Oroville Dam: repaired in record time

The dam reopened after two years of repairs to fix its spillway damaged in the 2017 emergency

It could have been one of the greatest disasters in American history. An unprecedented flood put thousands of lives at risk, and created an emergency that led to the evacuation of nearly 200,000 inhabitants from the city of Oroville.
But 2017 Oroville Dam crisis is now just a memory. Renovation work on the highest dam in the United States, and one of the highest in the world, is almost finished and the dam now working again. The emergency repairs that were carried out two years ago after the failure of the dam’s excess water drain-off, or spillway, have won recognition as the largest and fastest infrastructure project in the history of California.

Oroville: a race against time

The reopening of the first part of the damaged spillway on the 770-foot high (234-metre) Oroville dam was in April. It was a key step towards restoring full functionality, and technicians and workers continue fixing it today.
In order to make the dam safe, the spillway, where the dam's water is let out to avoid flooding, needed to be fixed.  The reconstruction work will create a reinforced spillway that can withstand a flow of 270,000 cubic feet (7,645 cubic metres) of water per second, well beyond the maximum levels reached even in the most critical moments. To do this, workers poured enough cement to fill 370 Olympic pools, and 12.4 million pounds (5.6 million kilos) of steel were used to reinforce the cement.
The work, which cost $1.1 billion dollars, was commissioned by the Department of Water Resources of the State of California.
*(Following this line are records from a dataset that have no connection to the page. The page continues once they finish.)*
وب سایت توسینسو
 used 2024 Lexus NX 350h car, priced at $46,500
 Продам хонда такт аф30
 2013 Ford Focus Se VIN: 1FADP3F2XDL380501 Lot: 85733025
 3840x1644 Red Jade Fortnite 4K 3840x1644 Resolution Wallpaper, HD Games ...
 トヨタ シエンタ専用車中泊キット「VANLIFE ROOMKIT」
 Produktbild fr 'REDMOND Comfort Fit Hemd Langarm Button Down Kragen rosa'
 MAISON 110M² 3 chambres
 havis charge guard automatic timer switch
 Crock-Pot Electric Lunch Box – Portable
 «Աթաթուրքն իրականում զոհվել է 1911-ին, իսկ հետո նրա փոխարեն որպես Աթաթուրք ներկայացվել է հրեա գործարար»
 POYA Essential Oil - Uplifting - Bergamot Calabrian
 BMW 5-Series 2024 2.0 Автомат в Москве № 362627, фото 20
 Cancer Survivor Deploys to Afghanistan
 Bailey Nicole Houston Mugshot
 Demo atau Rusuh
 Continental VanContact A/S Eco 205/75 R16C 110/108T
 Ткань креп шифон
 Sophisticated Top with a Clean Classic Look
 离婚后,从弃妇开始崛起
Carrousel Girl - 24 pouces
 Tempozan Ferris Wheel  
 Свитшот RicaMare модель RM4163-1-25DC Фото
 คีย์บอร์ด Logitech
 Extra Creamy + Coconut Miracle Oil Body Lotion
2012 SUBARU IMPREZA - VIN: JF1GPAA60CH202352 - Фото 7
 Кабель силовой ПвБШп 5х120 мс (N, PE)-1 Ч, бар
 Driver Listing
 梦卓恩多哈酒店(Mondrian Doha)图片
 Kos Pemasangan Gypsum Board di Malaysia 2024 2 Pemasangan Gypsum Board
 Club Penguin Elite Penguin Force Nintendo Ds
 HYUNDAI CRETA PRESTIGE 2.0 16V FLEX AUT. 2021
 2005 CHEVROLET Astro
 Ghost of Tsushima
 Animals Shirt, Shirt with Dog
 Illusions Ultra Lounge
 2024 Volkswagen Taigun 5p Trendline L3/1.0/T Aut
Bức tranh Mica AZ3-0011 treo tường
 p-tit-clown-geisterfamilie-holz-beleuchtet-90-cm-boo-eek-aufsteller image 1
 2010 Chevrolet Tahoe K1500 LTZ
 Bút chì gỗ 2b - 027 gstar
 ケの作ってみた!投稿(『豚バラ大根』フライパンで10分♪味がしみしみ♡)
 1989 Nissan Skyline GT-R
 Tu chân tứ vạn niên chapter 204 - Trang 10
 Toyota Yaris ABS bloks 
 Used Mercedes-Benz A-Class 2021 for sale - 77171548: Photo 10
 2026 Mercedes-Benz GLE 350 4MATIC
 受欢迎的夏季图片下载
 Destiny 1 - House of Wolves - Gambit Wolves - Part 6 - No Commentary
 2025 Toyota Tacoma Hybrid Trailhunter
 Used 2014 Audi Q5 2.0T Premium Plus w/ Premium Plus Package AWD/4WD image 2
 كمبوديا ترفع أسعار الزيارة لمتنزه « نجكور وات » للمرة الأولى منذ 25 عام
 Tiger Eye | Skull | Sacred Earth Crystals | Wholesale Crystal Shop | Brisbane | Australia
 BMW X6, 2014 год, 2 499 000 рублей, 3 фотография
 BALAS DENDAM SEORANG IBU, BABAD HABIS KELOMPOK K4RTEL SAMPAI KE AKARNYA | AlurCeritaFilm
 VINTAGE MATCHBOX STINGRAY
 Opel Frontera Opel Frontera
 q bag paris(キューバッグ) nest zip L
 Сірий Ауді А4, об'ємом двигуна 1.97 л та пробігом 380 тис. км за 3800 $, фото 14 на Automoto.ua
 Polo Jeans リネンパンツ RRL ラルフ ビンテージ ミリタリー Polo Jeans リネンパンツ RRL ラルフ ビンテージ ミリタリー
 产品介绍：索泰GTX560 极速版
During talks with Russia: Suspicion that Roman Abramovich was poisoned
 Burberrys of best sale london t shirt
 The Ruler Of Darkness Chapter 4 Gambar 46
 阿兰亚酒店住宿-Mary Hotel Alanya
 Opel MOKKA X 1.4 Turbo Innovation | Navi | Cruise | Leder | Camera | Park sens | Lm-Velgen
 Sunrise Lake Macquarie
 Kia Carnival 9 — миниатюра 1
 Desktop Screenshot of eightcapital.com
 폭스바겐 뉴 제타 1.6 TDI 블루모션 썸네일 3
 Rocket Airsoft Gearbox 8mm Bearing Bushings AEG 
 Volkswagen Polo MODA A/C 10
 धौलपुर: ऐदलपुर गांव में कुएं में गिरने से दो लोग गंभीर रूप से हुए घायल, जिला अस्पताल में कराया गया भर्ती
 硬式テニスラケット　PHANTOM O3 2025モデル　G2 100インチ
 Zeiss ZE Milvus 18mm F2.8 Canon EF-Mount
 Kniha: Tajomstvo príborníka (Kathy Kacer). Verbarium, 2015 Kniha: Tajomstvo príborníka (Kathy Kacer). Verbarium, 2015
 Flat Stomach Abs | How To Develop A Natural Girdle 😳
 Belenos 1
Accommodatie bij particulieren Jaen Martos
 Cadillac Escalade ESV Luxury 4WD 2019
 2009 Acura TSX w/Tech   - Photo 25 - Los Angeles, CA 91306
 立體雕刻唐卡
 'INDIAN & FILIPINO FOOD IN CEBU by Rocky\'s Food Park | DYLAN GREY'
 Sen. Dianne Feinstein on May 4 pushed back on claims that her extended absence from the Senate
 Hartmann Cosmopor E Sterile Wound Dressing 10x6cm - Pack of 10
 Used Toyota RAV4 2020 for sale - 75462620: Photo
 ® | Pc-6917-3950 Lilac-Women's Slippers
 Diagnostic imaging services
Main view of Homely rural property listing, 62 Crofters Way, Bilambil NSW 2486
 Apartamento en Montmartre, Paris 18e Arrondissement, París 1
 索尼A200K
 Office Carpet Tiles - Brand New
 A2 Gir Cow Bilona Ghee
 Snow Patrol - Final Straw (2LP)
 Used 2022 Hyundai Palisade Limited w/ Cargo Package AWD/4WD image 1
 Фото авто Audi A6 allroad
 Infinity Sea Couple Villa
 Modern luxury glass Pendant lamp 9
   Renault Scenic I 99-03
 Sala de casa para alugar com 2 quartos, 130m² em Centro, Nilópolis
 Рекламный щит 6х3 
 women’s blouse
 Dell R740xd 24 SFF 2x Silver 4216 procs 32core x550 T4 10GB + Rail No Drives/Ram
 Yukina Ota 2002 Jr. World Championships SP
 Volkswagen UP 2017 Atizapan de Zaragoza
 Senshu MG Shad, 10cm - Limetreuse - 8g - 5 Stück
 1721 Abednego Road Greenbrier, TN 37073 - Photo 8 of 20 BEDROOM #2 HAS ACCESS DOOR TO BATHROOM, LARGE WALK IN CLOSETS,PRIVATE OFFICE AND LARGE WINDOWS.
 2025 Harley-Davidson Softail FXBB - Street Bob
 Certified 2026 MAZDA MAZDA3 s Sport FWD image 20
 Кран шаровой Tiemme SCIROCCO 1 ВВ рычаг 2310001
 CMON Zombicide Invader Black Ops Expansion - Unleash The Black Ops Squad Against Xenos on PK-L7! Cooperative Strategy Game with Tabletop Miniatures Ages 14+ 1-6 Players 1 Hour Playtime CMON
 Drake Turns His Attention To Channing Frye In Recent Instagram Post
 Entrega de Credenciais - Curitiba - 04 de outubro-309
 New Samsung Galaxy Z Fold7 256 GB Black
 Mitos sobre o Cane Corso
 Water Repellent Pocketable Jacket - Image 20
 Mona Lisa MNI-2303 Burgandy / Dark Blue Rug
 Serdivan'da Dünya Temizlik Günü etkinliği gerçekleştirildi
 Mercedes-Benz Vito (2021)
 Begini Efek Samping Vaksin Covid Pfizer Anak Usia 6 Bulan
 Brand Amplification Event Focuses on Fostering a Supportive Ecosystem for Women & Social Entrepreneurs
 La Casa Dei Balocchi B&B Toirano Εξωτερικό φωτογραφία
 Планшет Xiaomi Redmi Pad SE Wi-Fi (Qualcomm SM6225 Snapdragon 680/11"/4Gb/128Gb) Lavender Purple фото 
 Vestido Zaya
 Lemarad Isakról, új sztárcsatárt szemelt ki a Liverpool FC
Due to its complexity and speed, ENR, one of the most prestigious magazines of the sector, named in California’s best water infrastructure project of 2019.
«The Oroville Spillways Emergency Recovery Project is an incredible example of what the infrastructure industry and its agencies can accomplish in a very short time if we all have the same goal and the urgency to accomplish it», said project director Jeff Petersen of the Oroville Spillways Emergency Recovery Project.
Petersen said the teamwork was responsible for the project’s rapid completion time.
«For us, the realization of that accomplishment was felt back in April when we were able to watch the first water spill down the main spillway», Petersen continued. «More than 1,000 people from Kiewit, our subcontractors, the Department of Water Resources, its designers, stakeholders and key regulatory agencies put their lives on hold for 18 months to rebuild this project—and I don’t think we’ve ever been so excited to see water flow down a spillway».
However, work has continued in recent months and continues to this day. The objective now is to fine-tune the dam’s huge reservoir response to the operation of the spillway in order to receive certifications from bodies the California Division of the Safety of Dams and the Federal Energy Regulatory Commission.

The Oroville Spillway

How the crisis happened

The Oroville dam, inaugurated in 1968, had been built with a main spillway and a second spillway that would have been used only in an emergency. That emergency occurred for the first time almost fifty years later, in February 2017, the wettest winter in the last 100 years. A series of heavy rains lashed California and the dam, increasing its reservoir level. Water was sent pouring out over the main spillway, which could not take the pressure and developed a hole the size of a football field. To avoid the worst, the water was diverted to the emergency spillway, which cascaded down a hillside, quickly eroding it and placing the local population at risk.
The authorities were forced to order the evacuation of Oroville, the city 75 miles north of Sacramento, in a mass operation that involved almost 200,000 people.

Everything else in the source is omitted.